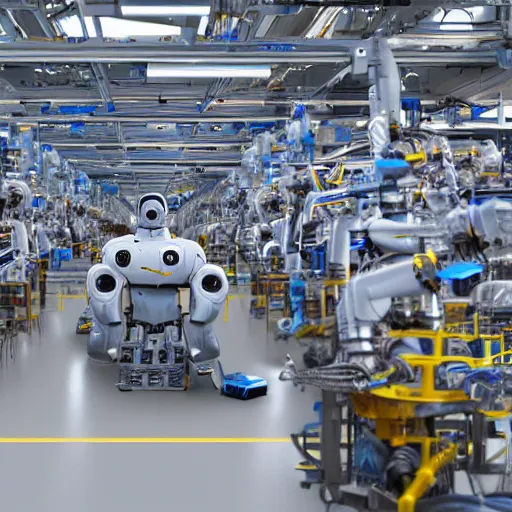 Image similar to photograph of a robot factory, 4K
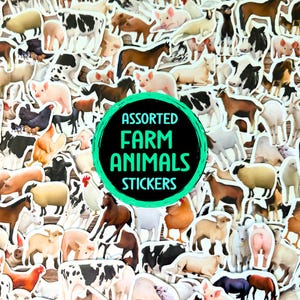 Farm Animal Sticker Pack Assorted Barn Animal Decals Waterproof Vinyl Horse Stickers Cow Lover Gift For Farmers Pig Stationary Chicken Decor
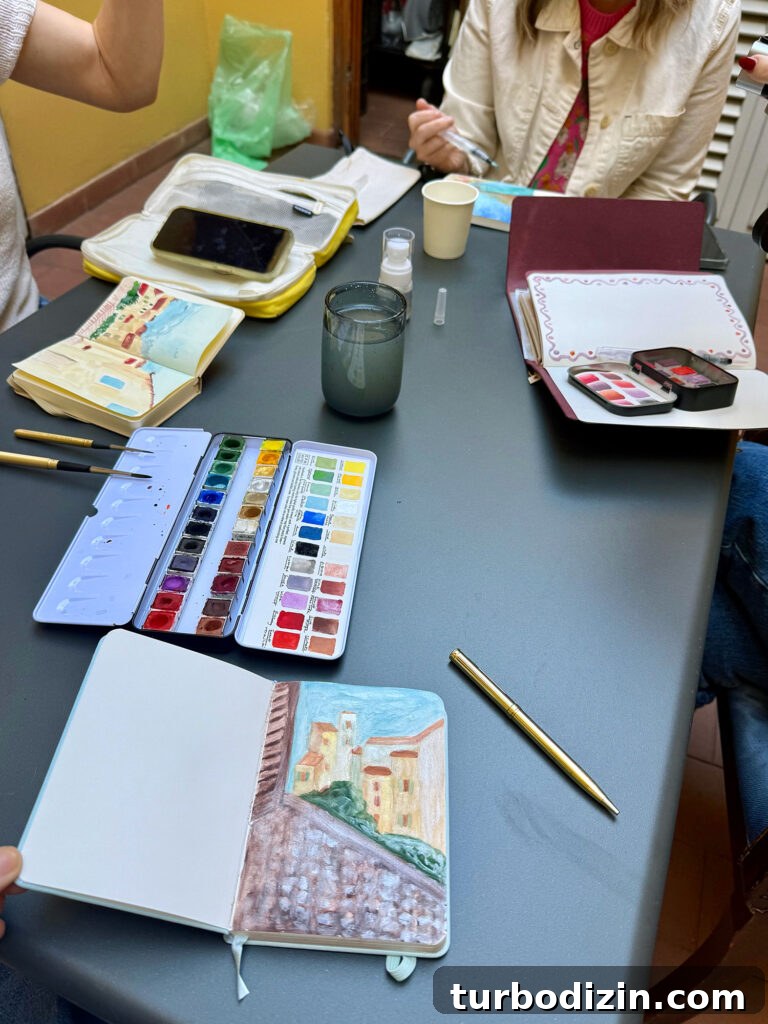 Girls' Weekend in Italy: Top Tips and Itinerary for a Memorable Trip 4 Florence Italy Girls Painting Watercolor on Hotel Roof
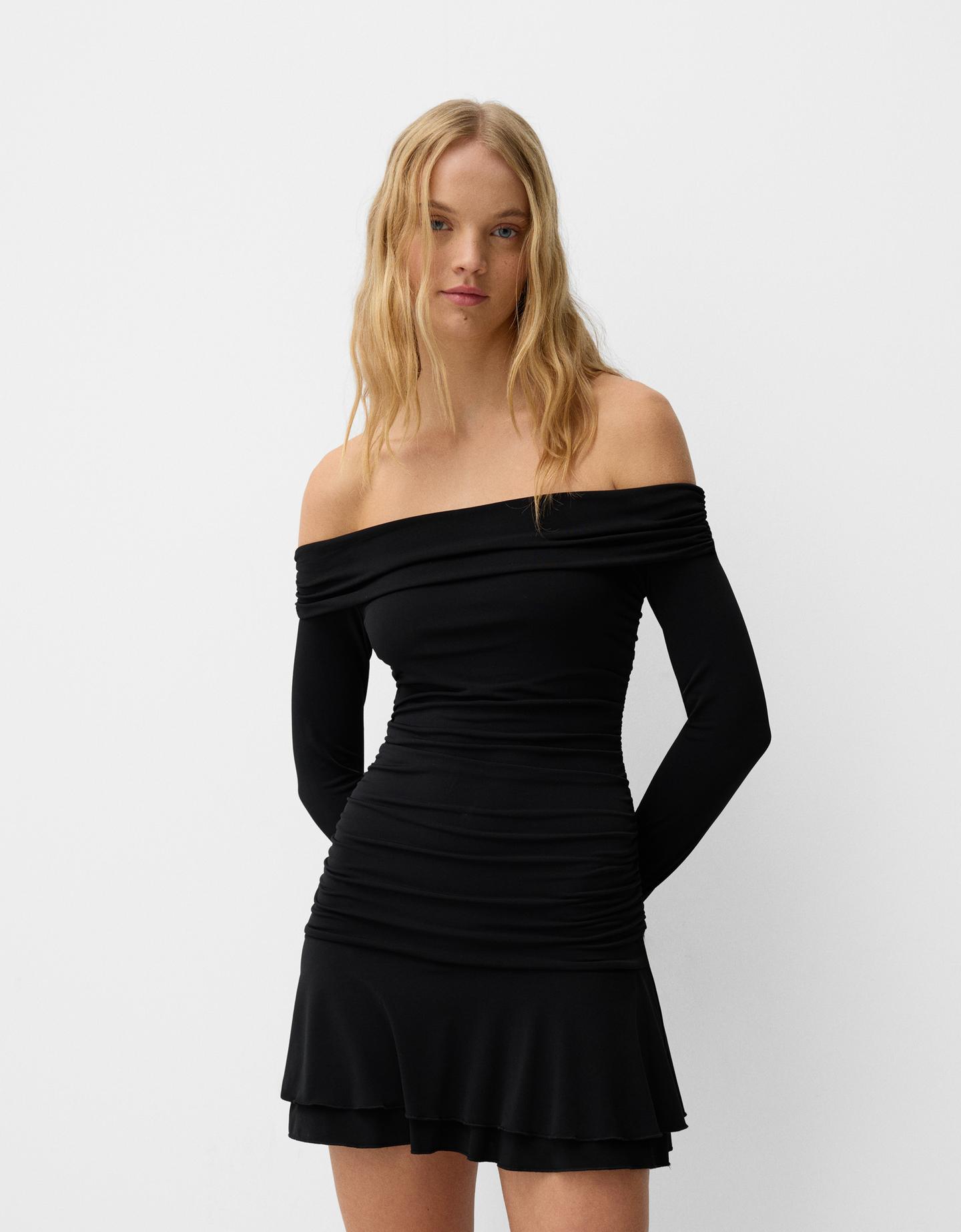 Bershka Minikleid Mit Langen Ärmeln Und Volants Damen M Schwarz günstig online kaufen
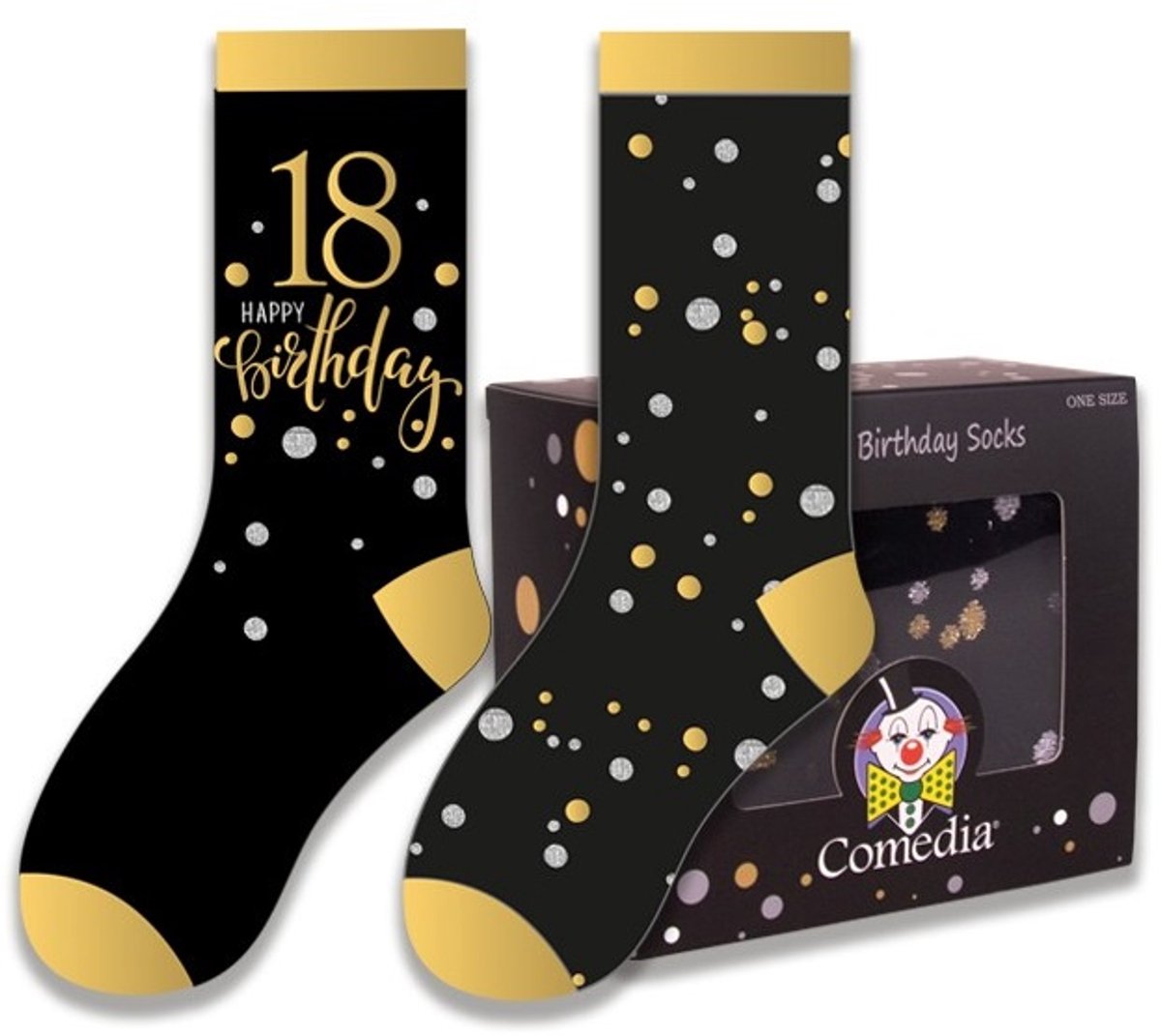 Witbaard Cadeausokken 18 Jaar Polykatoen Zwart/goud 2-delig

---

(Work item)
Each record should appear again exactly as it stands, with no picture included.

(Answer section)
 Image similar to photograph of a robot factory, 4K
 Farm Animal Sticker Pack Assorted Barn Animal Decals Waterproof Vinyl Horse Stickers Cow Lover Gift For Farmers Pig Stationary Chicken Decor
 Girls' Weekend in Italy: Top Tips and Itinerary for a Memorable Trip 4 Florence Italy Girls Painting Watercolor on Hotel Roof
 Bershka Minikleid Mit Langen Ärmeln Und Volants Damen M Schwarz günstig online kaufen
 Witbaard Cadeausokken 18 Jaar Polykatoen Zwart/goud 2-delig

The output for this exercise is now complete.